Director - Peter Yates

Cast - Robert Mitchum, Peter Boyle

Country of Origin - U.S.

Discs - 1

Distributor - Criterion

Reviewer - Scott MacDonald

Date - 04/30/15

The Film (5/5)

    Gangster films like the Godfather and Goodfellas worked to give a look behind the curtain of life in a crime family.  However, even in those films the low end criminals in these families appear to be making quite a good living. Peter Yates (Krull, Bullitt) in his 1974 film really decided to show the life of a true blue collar criminal in the Boston Underworld.

    The Friends of Eddie Coyle is based on a novel by George V. Higgins an attorney who became an author who was was all too familiar with the criminal underworld he was depicting. Rather, than play up the glamourous aspects the book, and the film show the day to day life of a working criminal, and in doing so create something that is truly different from anything else the genre has offered before or since, even the film's it has purportedly influenced.
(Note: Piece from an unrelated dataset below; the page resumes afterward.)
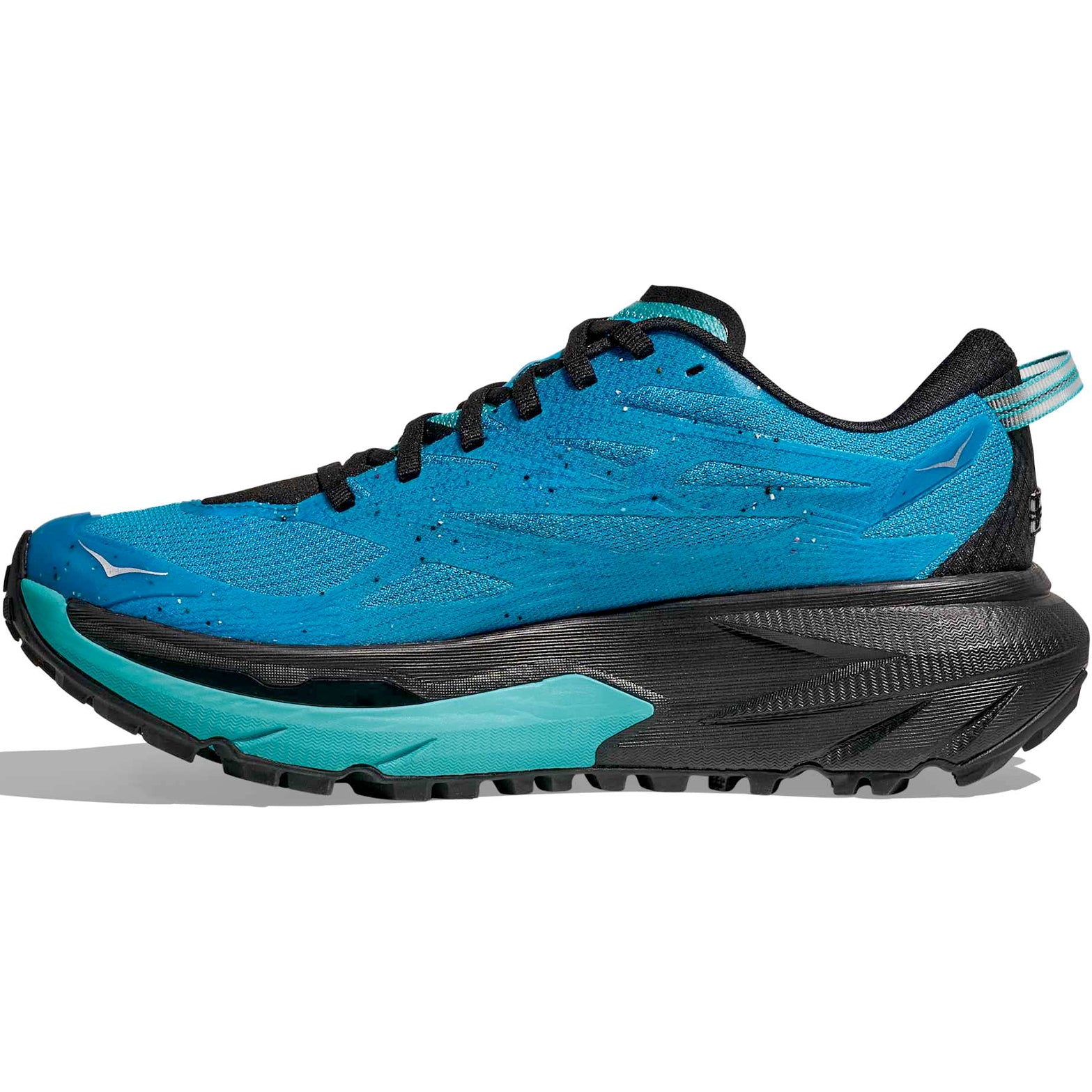 Women's Mafate 5 Trail Running Shoes Skyward Blue / Black - Achilles Heel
    Friends of Eddie Coyle stars the immortal Robert Mitchum (Night of the Hunter) as Eddie Coyle. An aging criminal living in the suburbs of Boston, and just trying to get by in the final decades of his life. Eddie isn't some great criminal mastermind, he's just the guy someone goes to, to find out about other people and things. If someone needs guns, they ask Eddie, and he'll put them in the right direction. Now Eddie has a problem, which is this. He recently got arrested driving a truck of stolen liquor into New Hampshire. Unless someone from the police gives a word to the D.A.'s office that Eddie has changed he is very likely to spend his last years in a prison cell. If he turns over enough evidence, he's liable to get himself killed by the people he considers peers.  The film depicts his struggle as he attempts to stay in business, while also trying to stay out of jail.

    People going into the Friend's of Eddie Coyle expecting anything close to a traditional crime film should check those expectations at the door. The film is less of a narrative, and more of an atmospheric venture based around a series of excellent performances.  The film is carried by Robert Mitchum who appears to live in the role of Eddie Coyle offering such an amazing outstanding performance, one could easily believe that he has been in the crime business for 30 years.  He also offers the feeling that having been in it for so long, having struggled that he is running out of time, and energy and is starting to let go. This performance is matched by the film's visuals which though very natural, and depict a certain sense of near documentary style authenticity of it's Boston area locales, offers a slow beautifully realized atmosphere that seems the Boston Crime version of a Jean Rollin film. 

   

Audio/Video (4/5)

    Criterion have presented the Friends of Eddie Coyle in a splendid 1:85:1 MPEG-4 AVC encoded 1080p transfer. The transfer effectively maintains the very natural look of the film with a solid natural color scheme, deep blacks, accurate flesh tones, and a gorgeous natural grain structure.  There is some minor softness, but I believe that's more a result of the production itself than Criterion's transfer.

    The film's audio is presented in a similar excellent LPCM 1.0 Mono track in English.  The dialogue and score come through nicely, and I did not detect any issues with the track.

 

Extras (3/5)

    There isn't much on this released. We get a commentary by Peter Yates, a stills gallery, and a 44 page booklet of liner notes.

 

Overall

    In a career of many high points (seriously Yates worked his magic in so many genres, and so many great films) this maybe my favorite of his. The Blu-ray from Criterion looks and sounds fantastic, and while the extras are none too elaborate, we do get a director's commentary with the late Peter Yates who died in 2011 2 years after recording it for the prior DVD. HIGHLY RECOMMENDED.